Bug #18886
closedStruct aref and aset don't trigger any tracepoints.
Description
Given the following program, thing.name
and thing.shape
don't trigger c_call
trace points (or any trace points actually).
pp RUBY_VERSION
trace_point = TracePoint.new(:line, :call, :c_call, :a_call) do |trace|
puts trace.event
if trace.event == :call
# Ruby doesn't always mark call-sites in sub-expressions, so we use this approach to compute a call site and mark it:
if location = caller_locations(2, 1).first and path = location.path
puts "> #{path}:#{location.lineno}:#{trace.event}"
end
end
if path = trace.path
puts "= #{path}:#{trace.lineno}:#{trace.event}"
end
end
trace_point.enable
# This will trigger call trace points
class Thing
def name
:cat
end
def shape
:square
end
end
thing = Thing.new
# Thing = Struct.new(:name, :shape)
# thing = Thing.new(:cat, :rectangle)
[
name: thing.name,
shape: thing.shape,
]
Current HEAD¶
= ../test.rb:30:line:
= ../test.rb:30:c_call:new
= ../test.rb:30:c_call:inherited
= ../test.rb:30:c_call:singleton_method_added
= ../test.rb:30:c_call:singleton_method_added
= ../test.rb:30:c_call:singleton_method_added
= ../test.rb:30:c_call:singleton_method_added
= ../test.rb:30:c_call:singleton_method_added
= ../test.rb:30:c_call:method_added
= ../test.rb:30:c_call:method_added
= ../test.rb:30:c_call:method_added
= ../test.rb:30:c_call:method_added
= ../test.rb:30:c_call:const_added
= ../test.rb:31:line:
= ../test.rb:31:c_call:new
= ../test.rb:31:c_call:initialize
= ../test.rb:34:line:
Proposed PR¶
= ../test.rb:30:line:
= ../test.rb:30:c_call:new
= ../test.rb:30:c_call:inherited
= ../test.rb:30:c_call:singleton_method_added
= ../test.rb:30:c_call:singleton_method_added
= ../test.rb:30:c_call:singleton_method_added
= ../test.rb:30:c_call:singleton_method_added
= ../test.rb:30:c_call:singleton_method_added
= ../test.rb:30:c_call:method_added
= ../test.rb:30:c_call:method_added
= ../test.rb:30:c_call:method_added
= ../test.rb:30:c_call:method_added
= ../test.rb:30:c_call:const_added
= ../test.rb:31:line:
= ../test.rb:31:c_call:new
= ../test.rb:31:c_call:initialize
= ../test.rb:34:line:
= ../test.rb:34:c_call:name
= ../test.rb:35:c_call:shape
The reason is the internal implementation of struct doesn't have trace point instrumentation in vm_call_opt_struct_aset
or vm_call_opt_struct_aref
.
Proposed fix: https://github.com/ruby/ruby/pull/6071 but this would need a review, maybe @jeremyevans0 (Jeremy Evans) and @ko1 (Koichi Sasada) can help.

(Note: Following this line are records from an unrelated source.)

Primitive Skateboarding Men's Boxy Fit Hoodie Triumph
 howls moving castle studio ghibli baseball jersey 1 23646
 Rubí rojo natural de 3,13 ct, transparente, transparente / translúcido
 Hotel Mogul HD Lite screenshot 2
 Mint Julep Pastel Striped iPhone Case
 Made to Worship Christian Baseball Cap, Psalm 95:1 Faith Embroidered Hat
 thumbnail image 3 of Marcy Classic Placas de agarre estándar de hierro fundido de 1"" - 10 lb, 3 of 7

Updated by ioquatix (Samuel Williams) over 2 years ago
- Description updated (diff)
Updated by ioquatix (Samuel Williams) over 2 years ago
Here is my performance comparison:
Firstly, with no changes (should be identical, shows some variance).
> make benchmark ITEM=vm_struct COMPARE_RUBY=(which ruby)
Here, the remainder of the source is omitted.